In the past, I took photos that were actually used in national sports magazines - just outdoor stuff like baseball and indoor stuff like boxing. But it was the end of the film era then - and I got a different job, so had no reason to shoot for years. Back in the day, I shot with what I still considered to be the best starter SLR ever made - the venerable Pentax K-1000, affordable for a schmoe but good enough to be used in professional settings.
Years later, I picked up a digital camera and from the the word go I was lost. I was a pretty good film photographer, but I was lucky in that regard because i had the luxury of just using higher speed film and just opening her up and off to the races I went. Today, photography is a two-headed serpent - better because of the obvious reasons (no need for film processing, the advent of Photoshop, etc) and worse because settings on some cameras can be overly complicated or have to be re-learned from camera brand to camera brand. But I digress.
I post my photos here but I don't like them at all. Even at macro settings on the cameras I use, I don't think I get the crispness I'm used to.

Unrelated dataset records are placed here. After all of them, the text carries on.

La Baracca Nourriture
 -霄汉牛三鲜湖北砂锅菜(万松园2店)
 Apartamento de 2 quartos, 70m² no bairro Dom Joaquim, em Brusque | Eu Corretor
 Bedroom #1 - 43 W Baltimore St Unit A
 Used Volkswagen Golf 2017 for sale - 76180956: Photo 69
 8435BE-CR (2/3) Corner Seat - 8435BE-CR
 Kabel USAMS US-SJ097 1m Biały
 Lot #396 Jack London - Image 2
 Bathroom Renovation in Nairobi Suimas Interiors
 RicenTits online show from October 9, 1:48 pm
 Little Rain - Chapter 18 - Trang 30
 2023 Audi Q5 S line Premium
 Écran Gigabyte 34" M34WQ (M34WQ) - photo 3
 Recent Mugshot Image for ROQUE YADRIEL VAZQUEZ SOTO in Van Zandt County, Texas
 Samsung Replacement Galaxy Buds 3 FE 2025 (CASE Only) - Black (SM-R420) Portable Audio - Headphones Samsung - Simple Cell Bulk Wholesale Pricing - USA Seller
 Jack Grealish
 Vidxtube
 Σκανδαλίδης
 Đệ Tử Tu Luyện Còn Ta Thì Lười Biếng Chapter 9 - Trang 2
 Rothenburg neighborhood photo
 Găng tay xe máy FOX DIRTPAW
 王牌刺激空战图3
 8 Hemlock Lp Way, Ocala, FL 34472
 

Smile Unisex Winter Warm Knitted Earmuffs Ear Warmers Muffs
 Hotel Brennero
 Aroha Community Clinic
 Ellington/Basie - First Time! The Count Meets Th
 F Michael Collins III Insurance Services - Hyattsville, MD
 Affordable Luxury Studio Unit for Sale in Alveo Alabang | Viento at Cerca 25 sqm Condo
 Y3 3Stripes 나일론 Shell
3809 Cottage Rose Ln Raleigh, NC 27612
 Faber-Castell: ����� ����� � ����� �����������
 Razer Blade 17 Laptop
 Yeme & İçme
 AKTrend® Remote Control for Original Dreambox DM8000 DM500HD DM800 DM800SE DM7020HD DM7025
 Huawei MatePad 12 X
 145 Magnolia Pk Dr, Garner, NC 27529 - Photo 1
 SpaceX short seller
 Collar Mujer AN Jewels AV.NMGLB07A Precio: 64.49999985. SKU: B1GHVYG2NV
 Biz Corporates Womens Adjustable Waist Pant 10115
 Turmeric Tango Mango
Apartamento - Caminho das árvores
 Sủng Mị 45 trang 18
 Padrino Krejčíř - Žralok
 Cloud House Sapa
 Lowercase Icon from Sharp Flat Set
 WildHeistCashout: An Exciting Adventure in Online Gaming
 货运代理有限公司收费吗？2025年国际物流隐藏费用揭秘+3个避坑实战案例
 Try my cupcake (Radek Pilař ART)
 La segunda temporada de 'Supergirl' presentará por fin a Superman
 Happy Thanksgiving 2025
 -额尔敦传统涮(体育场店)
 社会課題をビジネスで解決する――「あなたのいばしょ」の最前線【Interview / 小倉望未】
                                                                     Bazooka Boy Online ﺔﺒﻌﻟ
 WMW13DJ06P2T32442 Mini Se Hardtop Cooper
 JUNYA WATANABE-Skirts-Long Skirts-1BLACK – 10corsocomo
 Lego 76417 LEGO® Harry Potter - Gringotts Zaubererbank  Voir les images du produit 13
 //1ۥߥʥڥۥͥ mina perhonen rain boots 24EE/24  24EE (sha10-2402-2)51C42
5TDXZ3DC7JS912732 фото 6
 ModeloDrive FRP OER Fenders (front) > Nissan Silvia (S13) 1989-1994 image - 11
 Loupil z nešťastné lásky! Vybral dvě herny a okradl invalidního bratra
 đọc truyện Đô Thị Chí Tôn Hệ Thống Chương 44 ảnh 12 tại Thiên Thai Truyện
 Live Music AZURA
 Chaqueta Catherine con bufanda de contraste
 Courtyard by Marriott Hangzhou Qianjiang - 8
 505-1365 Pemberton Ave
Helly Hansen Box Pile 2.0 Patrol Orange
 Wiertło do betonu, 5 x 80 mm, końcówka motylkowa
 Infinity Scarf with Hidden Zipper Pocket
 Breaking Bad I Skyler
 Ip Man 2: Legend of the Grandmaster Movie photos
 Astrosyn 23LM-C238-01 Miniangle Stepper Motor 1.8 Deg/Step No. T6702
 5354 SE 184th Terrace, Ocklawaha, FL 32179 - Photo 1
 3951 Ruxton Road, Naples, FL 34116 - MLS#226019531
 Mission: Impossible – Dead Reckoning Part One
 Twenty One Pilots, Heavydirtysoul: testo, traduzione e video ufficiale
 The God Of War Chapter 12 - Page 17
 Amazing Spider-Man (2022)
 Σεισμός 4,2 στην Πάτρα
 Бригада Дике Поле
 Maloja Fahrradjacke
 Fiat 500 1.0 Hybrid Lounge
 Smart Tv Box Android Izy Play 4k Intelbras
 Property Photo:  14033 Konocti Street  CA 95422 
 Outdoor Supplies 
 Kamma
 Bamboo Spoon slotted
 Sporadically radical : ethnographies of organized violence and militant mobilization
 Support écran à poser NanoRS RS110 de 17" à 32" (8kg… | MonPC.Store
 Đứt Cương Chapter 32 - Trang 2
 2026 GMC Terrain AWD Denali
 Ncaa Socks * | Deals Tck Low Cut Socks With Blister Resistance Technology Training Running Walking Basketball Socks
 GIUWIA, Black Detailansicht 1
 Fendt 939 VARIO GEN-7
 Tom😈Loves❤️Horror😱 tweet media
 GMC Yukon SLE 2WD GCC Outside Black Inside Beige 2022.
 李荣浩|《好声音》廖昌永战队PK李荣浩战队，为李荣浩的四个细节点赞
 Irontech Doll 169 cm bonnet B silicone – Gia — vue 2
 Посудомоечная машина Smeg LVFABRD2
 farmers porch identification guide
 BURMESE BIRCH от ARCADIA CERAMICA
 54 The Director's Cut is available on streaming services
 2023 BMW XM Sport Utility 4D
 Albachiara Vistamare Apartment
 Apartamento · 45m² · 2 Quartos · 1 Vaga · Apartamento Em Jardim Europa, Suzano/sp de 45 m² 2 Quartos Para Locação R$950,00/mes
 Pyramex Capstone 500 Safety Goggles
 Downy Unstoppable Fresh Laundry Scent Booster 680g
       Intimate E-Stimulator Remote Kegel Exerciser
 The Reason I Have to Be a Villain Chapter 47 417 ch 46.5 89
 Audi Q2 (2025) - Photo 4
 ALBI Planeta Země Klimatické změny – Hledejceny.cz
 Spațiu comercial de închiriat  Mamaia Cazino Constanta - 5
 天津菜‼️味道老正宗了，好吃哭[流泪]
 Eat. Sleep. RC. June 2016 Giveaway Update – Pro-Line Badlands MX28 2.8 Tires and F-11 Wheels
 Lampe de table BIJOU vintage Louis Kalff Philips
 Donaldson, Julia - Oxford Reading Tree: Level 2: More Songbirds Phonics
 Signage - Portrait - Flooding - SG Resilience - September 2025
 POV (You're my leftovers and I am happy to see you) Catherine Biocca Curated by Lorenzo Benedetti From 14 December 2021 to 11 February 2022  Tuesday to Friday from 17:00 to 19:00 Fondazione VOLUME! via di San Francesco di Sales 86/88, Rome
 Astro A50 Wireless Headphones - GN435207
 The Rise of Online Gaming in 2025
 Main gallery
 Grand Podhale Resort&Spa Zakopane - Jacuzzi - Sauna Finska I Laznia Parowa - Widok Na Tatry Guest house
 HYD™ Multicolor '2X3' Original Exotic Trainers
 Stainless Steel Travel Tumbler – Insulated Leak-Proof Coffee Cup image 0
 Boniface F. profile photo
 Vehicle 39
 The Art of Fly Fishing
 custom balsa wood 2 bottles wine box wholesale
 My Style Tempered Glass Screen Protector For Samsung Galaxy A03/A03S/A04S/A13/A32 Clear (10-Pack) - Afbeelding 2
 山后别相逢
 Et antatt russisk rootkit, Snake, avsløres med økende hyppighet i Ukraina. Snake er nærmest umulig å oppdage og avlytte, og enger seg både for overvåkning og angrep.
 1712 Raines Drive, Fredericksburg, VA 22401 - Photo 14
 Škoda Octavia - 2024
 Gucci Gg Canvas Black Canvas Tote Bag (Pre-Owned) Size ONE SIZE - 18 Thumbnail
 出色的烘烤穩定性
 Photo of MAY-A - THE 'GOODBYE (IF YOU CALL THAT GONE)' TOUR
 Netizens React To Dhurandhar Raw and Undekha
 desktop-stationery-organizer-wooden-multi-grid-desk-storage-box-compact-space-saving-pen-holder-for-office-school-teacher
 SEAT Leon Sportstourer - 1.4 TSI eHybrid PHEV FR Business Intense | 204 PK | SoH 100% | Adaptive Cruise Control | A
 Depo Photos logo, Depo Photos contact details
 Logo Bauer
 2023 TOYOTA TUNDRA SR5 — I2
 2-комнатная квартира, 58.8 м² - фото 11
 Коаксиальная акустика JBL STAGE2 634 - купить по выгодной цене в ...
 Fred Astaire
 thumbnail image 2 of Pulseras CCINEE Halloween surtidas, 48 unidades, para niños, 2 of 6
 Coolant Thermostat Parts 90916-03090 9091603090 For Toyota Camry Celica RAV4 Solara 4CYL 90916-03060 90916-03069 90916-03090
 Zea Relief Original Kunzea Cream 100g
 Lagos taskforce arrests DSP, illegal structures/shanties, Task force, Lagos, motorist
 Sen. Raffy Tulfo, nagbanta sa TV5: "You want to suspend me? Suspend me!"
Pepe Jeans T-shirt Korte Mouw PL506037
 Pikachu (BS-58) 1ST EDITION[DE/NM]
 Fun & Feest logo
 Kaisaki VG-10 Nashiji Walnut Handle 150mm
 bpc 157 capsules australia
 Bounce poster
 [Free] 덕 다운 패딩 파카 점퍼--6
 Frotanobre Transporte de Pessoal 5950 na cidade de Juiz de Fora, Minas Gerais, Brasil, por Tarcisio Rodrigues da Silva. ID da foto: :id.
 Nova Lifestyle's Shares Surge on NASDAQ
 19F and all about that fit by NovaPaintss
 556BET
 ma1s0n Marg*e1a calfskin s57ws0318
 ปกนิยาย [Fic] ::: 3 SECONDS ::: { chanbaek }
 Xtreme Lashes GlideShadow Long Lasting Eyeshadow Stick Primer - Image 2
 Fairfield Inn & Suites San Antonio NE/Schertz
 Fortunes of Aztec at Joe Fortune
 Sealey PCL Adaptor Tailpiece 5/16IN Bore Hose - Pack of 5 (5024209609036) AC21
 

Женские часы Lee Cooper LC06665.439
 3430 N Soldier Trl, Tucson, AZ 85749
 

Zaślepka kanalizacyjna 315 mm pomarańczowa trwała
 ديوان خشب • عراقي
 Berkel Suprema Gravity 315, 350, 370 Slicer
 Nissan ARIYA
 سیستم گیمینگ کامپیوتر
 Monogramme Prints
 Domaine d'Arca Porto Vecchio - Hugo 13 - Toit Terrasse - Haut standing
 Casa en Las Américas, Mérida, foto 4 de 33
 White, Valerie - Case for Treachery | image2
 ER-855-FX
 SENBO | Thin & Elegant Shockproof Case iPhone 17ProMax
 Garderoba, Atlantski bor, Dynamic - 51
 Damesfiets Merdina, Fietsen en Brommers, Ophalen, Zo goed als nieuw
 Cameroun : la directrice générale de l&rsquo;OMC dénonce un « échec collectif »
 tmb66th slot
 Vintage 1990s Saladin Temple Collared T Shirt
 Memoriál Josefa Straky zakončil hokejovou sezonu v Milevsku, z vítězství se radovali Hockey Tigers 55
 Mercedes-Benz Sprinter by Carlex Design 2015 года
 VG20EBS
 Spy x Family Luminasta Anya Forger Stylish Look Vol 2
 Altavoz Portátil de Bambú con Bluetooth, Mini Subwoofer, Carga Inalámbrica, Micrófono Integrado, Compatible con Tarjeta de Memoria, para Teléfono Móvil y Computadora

I've tried a few cameras, but I've gotten the best results with a Pentax X-5 "bridge camera" (more advanced than a point-and-shoot but not quite an SLR), and, amazingly, a pocket sized Kodak digital camera as well. I think Kodak's camera line was pretty good, but I don't think the brand even issues them any longer; well-made cameras that are the most user-friendly I've tried.
I used to be good, but these days, I think I'm utterly half-assed. I need to learn more, even now. The real problem is that these days I'd rather save for good watches than buy camera equipment.
Rule 1,493: Never photograph a watch on a wrist. On a lovely rock in a pond or a parapet, certainly - but never on a wrist.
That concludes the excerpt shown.